The Ministry of Economic Affairs came under fire after a draft free-trade agreement between South Korea and China was revealed on Wednesday, as the tariff reductions proposed in the pact were not as significant as the ministry previously claimed.
Critics said that the Chinese Nationalist Party (KMT) administration exaggerated the impact of the pending treaty to coerce the public into supporting trade agreements between Taiwan and China.
They said that the ministry used the Beijing-Seoul deal as a “scare tactic” in an attempt to swing the vote in the KMT’s favor during last year’s nine-in-one elections.
Photo: CNA
In November last year, the ministry said that the pending Beijing-Seoul pact would deal a NT$650 billion (US$20.7 billion) blow to Taiwan’s economy and urged the nation to ratify the proposed cross-strait service trade agreement to mitigate the impact.
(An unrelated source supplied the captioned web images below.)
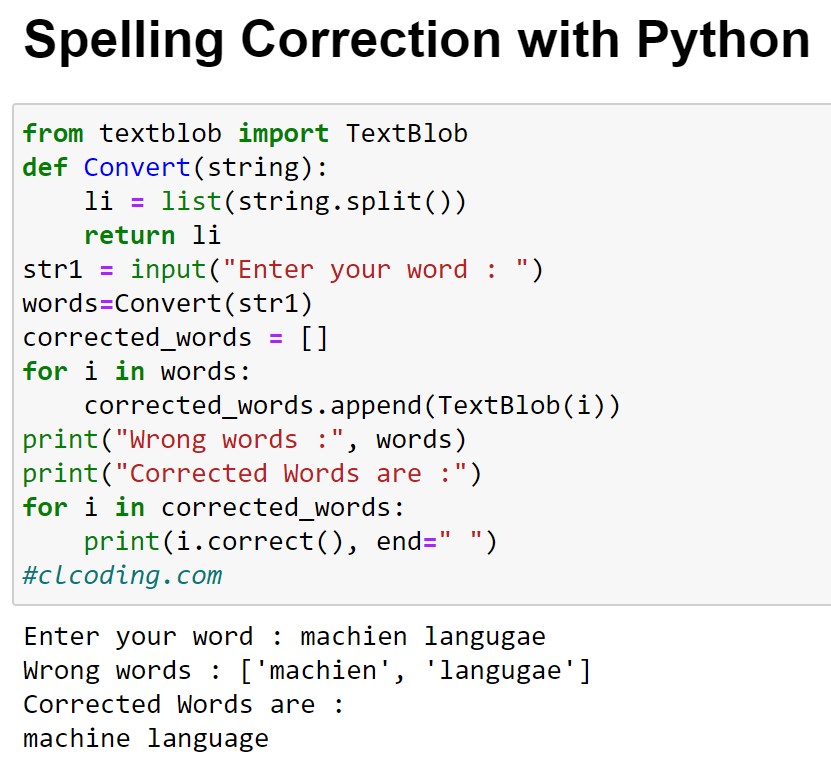Usr bin env python. Язык программирования python. код на питоне. лёгкий код на питоне. hello world python.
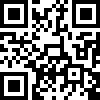 https://isna.ir/xdQVxk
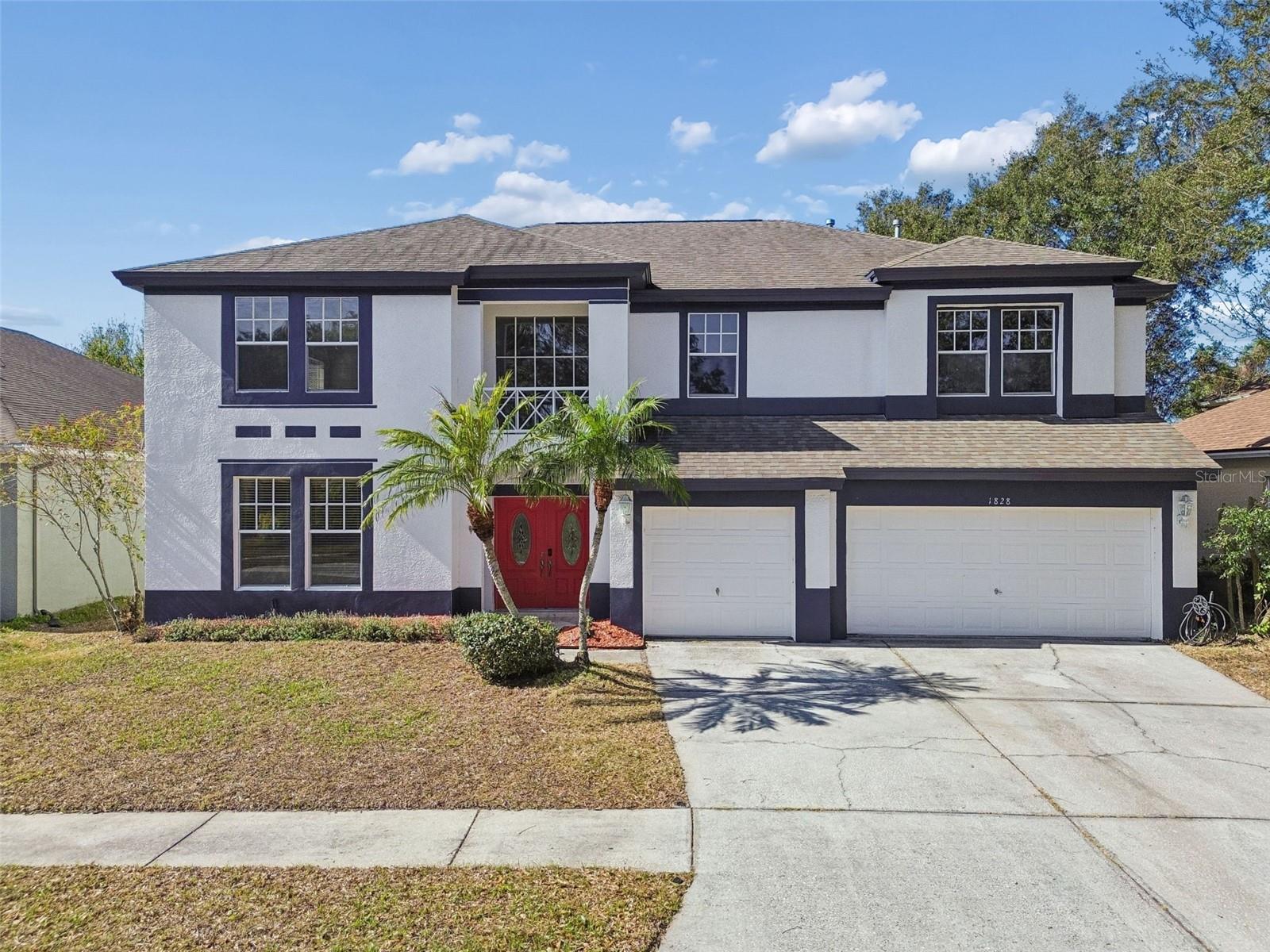 1828 Longview Ln photo 1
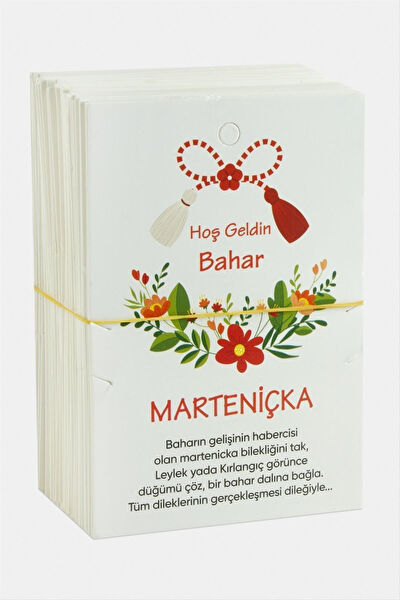 Genel Askı İpleri ve Bilek Askıları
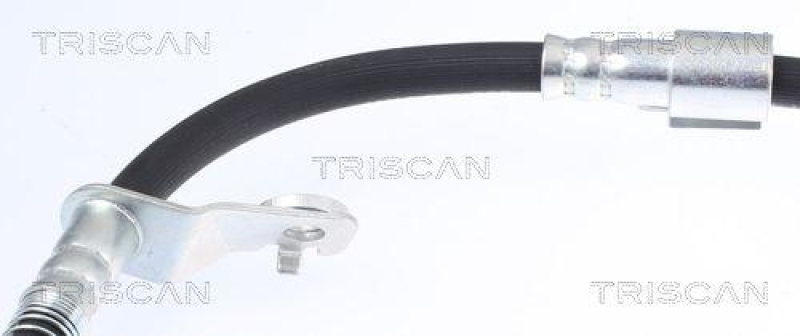 TRISCAN 8150 43177 Bremsschlauch f&uuml;r Hyundai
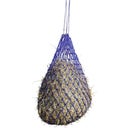 Kerbl Small-mesh Hay Net - Blu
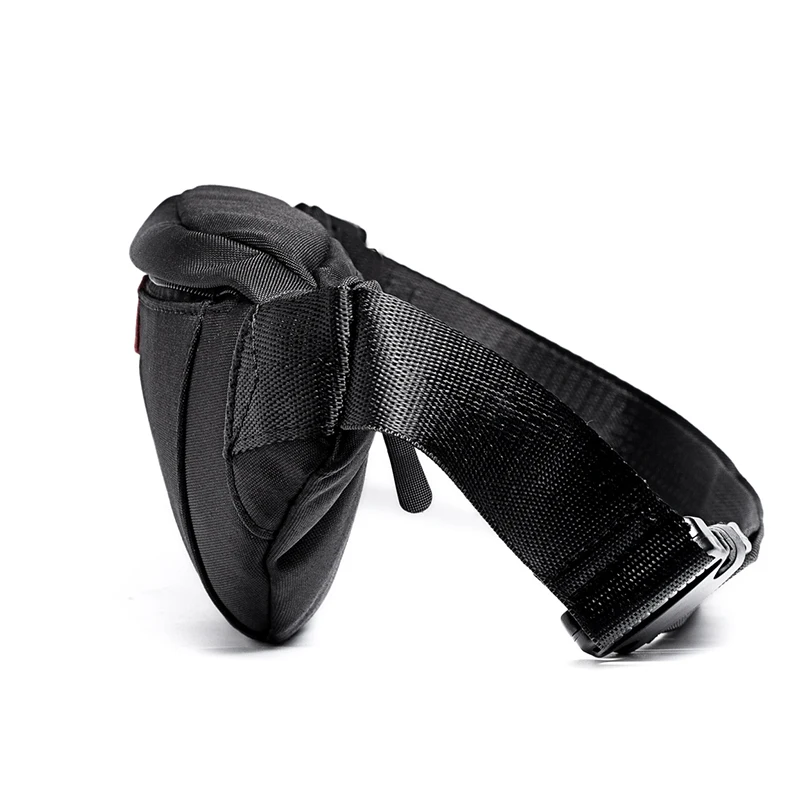 Рисунок 2 - Повседневная поясная сумка-мессенджер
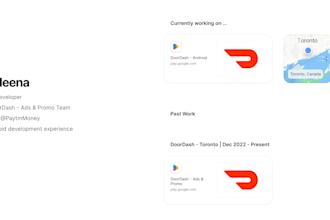 build advanced and secure android applications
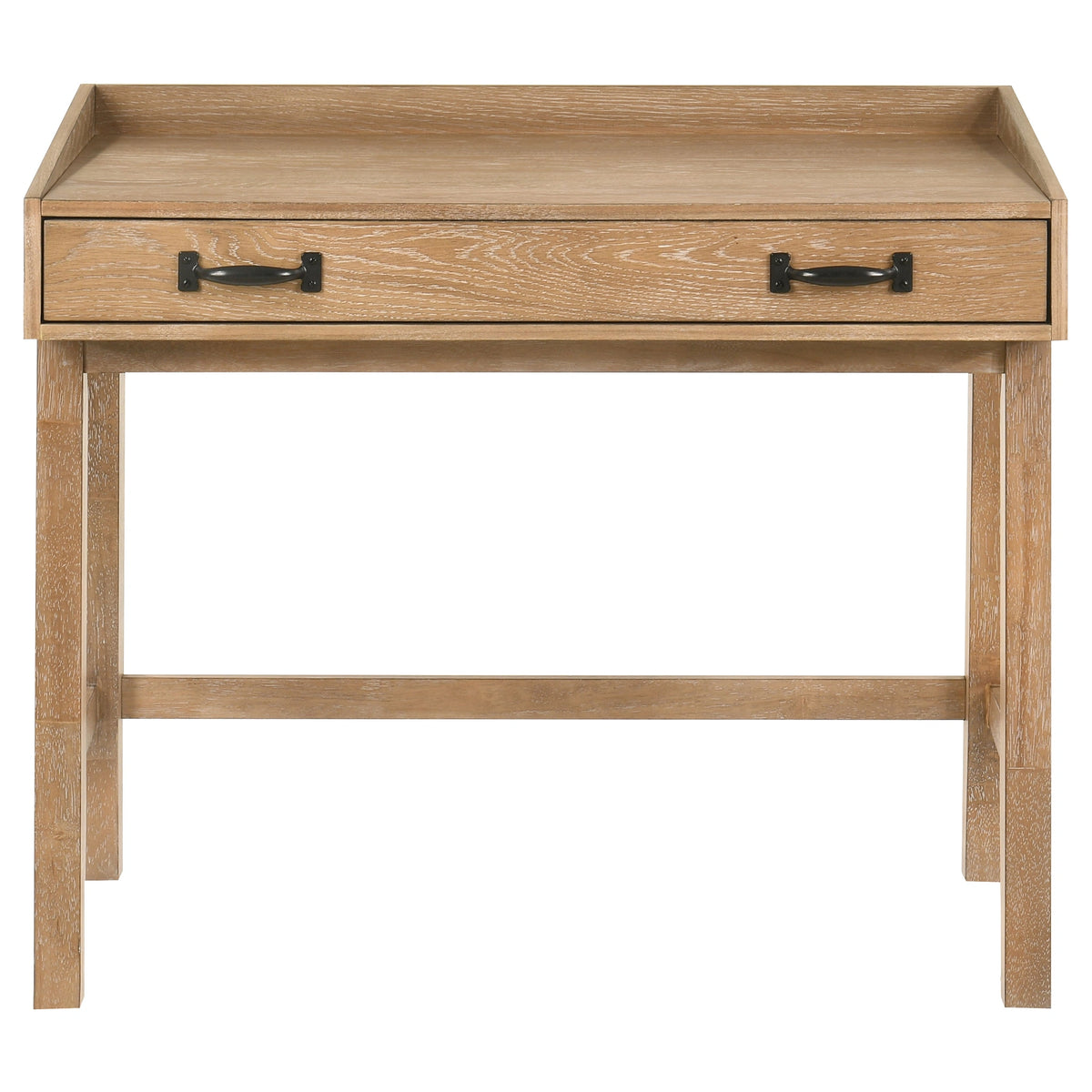 Fabian 38-inch Computer Desk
A KMT campaign advertisement leading up to the elections last year featured a woman dressed in traditional Korean garb who thanked the Democratic Progressive Party (DPP) for blocking cross-strait trade bills.
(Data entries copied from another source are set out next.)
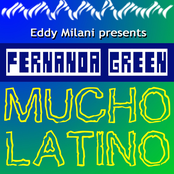 Mucho Latino (feat. Fernanda Green)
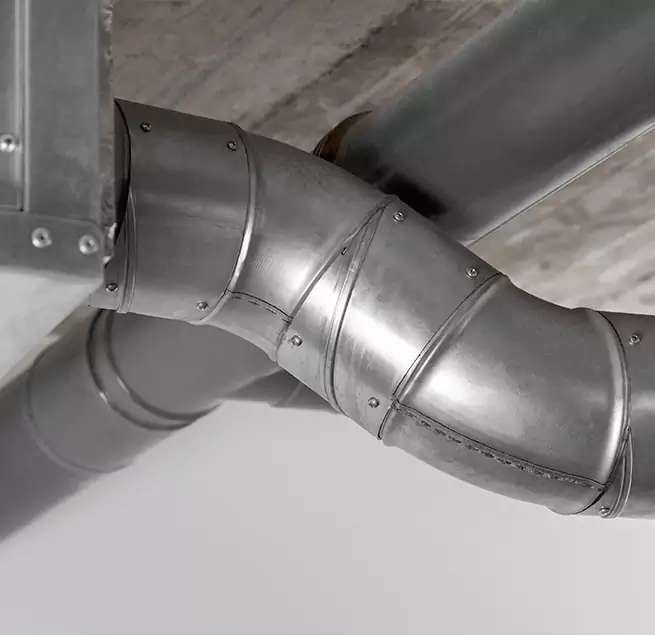 Why Homeowners & Businesses Trust Us in Chicopee, MA?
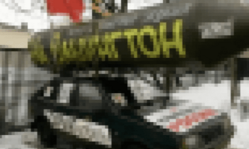1733328319137.png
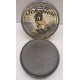 GOMINA SCHMIERE NEW Medium Pomade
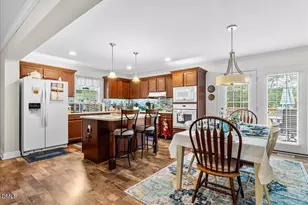 169 Engle Rd, Manson, NC 27553 - Photo 6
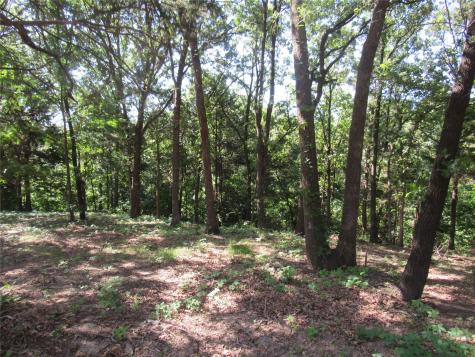 150 Applecross Lane Pottsboro TX 75076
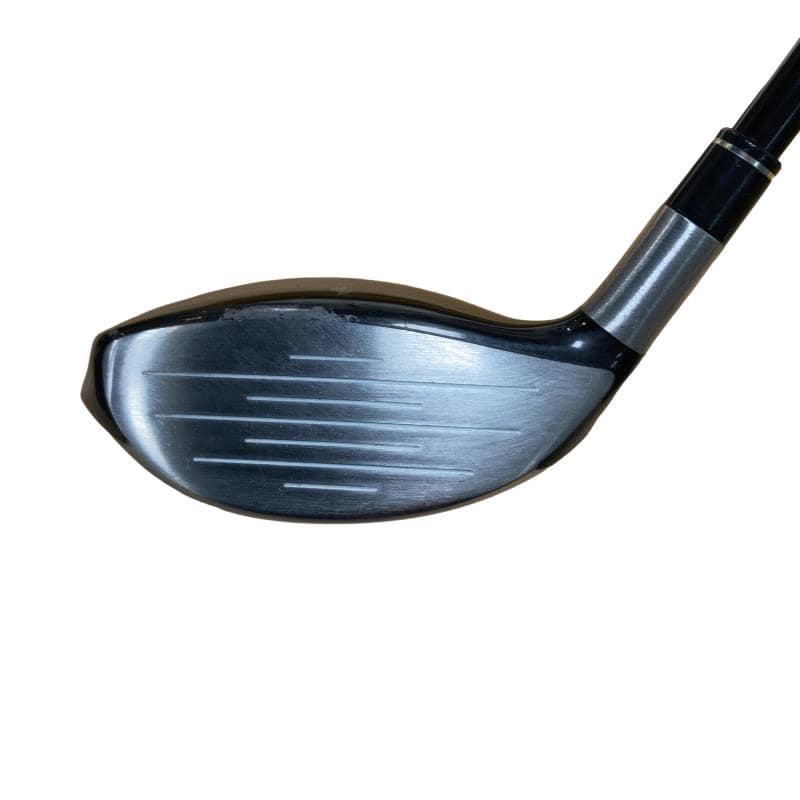 �a�t�q�m�d�q�i�Q�O�O�W�j�@�R�v�i�P�T°�j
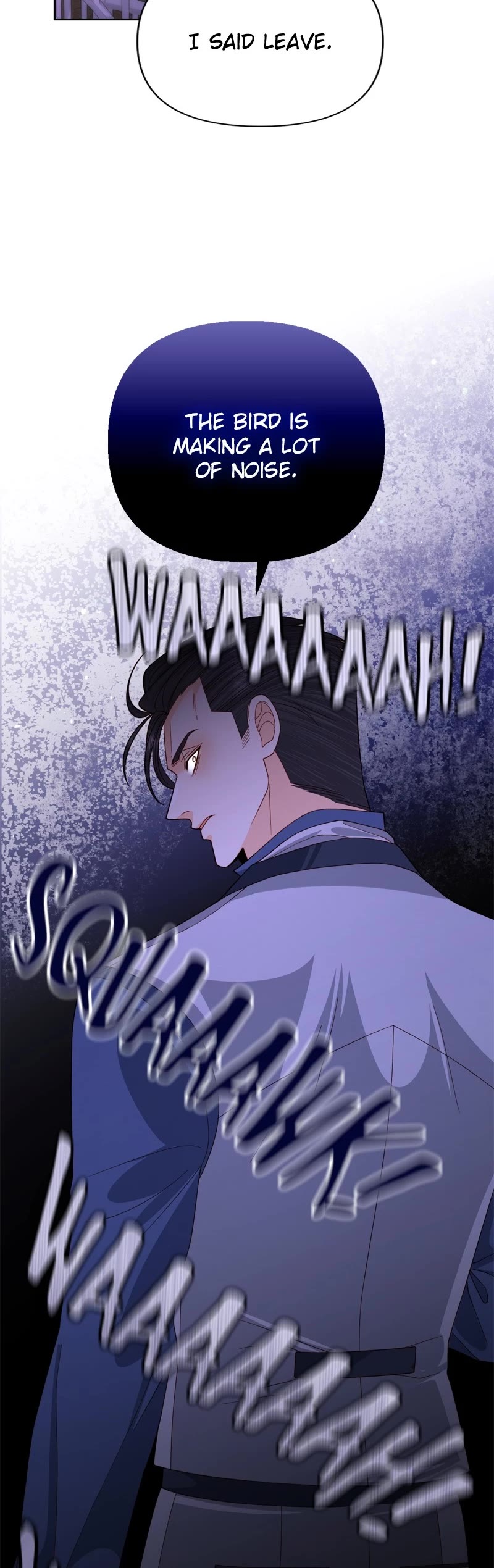 Remarried Empress Chapter 163 page 10 - Chapter 163: (S3) Episode 159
In contrast with the ministry’s earlier claims, Minister of Economic Affairs John Deng (鄧振中) on Wednesday said that the draft was “quite different” from the ministry’s previous expectations.
According to the Beijing-Seoul draft, tariffs for many industries considered key export industries for Taiwan will not be reduced significantly — including LCD panels, automobile parts, petrochemicals and machine tools.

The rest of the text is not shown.